[Dataset entries]
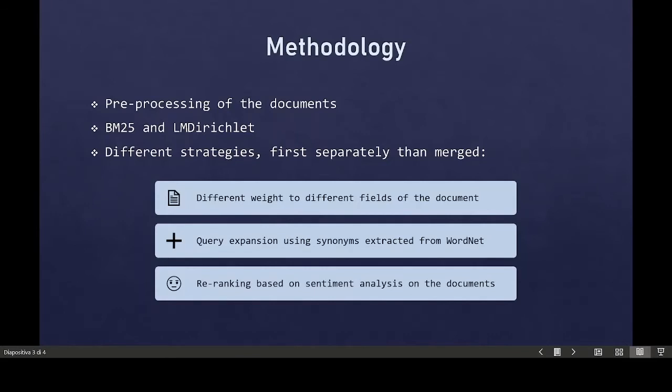Then, we made query expansion using synonyms from WordNet, and after that, we re-ranked with more terms to reduce the gap between the query and concepts that the users want to express.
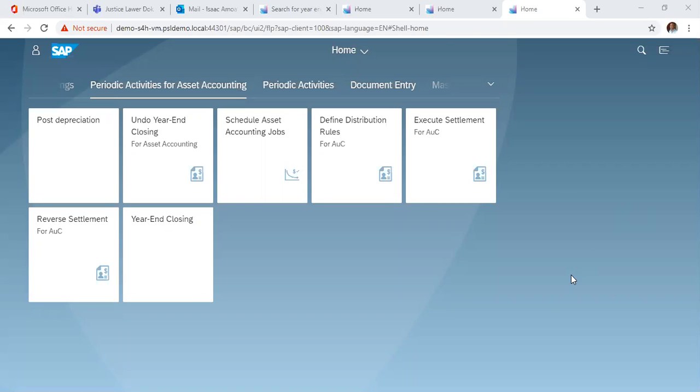In our previous video, we looked at year-end closing in asset accounting. In that scenario, we closed the 2019 fiscal year.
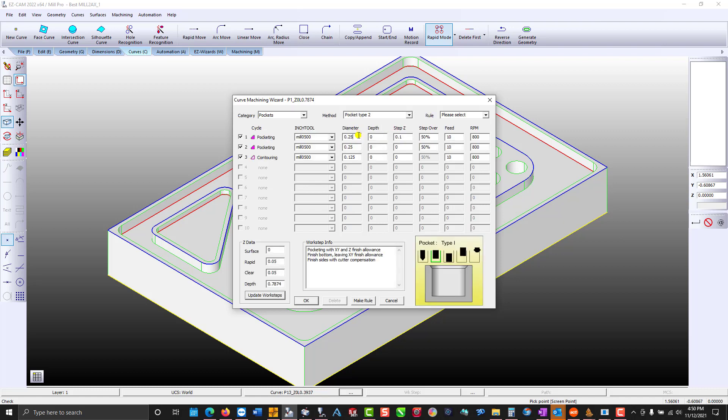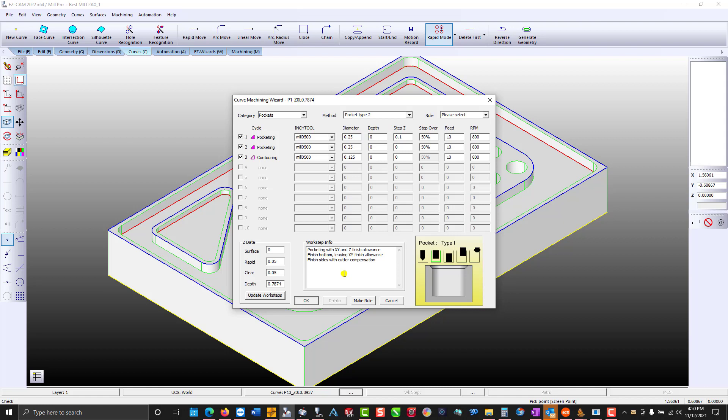Three work steps were automatically loaded. These are my personal preferences as to how I would machine a pocket. Down below is information for each work step such as pocketing where we leave material on the walls and the pocket floor. The other two work steps are finish operations.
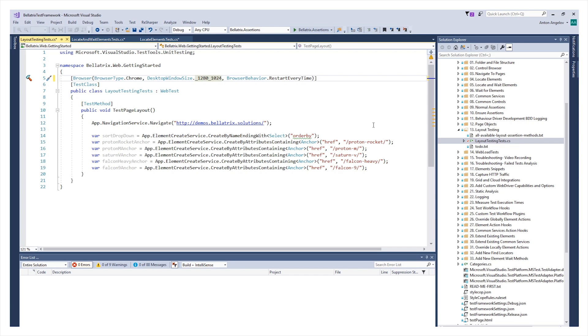Then, in the test, we define all elements that we want to check responsibly. You need to add a using to Belltricks layout.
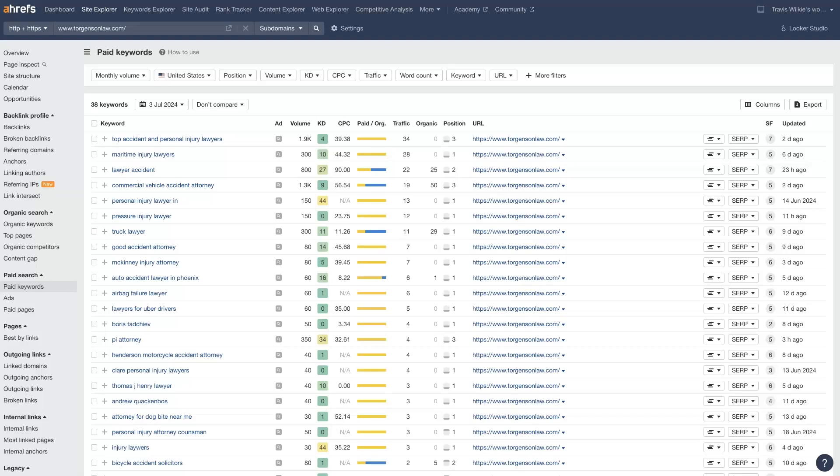Let's take a look at how to use Ahrefs for finding some low cost-per-click keywords that you can advertise for on Google Ads.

* _Exercise aim_:
Once the pictures are set aside, copy the remaining text of every entry exactly.

* _Your solution_:
Then, we made query expansion using synonyms from WordNet, and after that, we re-ranked with more terms to reduce the gap between the query and concepts that the users want to express.
In our previous video, we looked at year-end closing in asset accounting. In that scenario, we closed the 2019 fiscal year.
Three work steps were automatically loaded. These are my personal preferences as to how I would machine a pocket. Down below is information for each work step such as pocketing where we leave material on the walls and the pocket floor. The other two work steps are finish operations.
Then, in the test, we define all elements that we want to check responsibly. You need to add a using to Belltricks layout.
Let's take a look at how to use Ahrefs for finding some low cost-per-click keywords that you can advertise for on Google Ads.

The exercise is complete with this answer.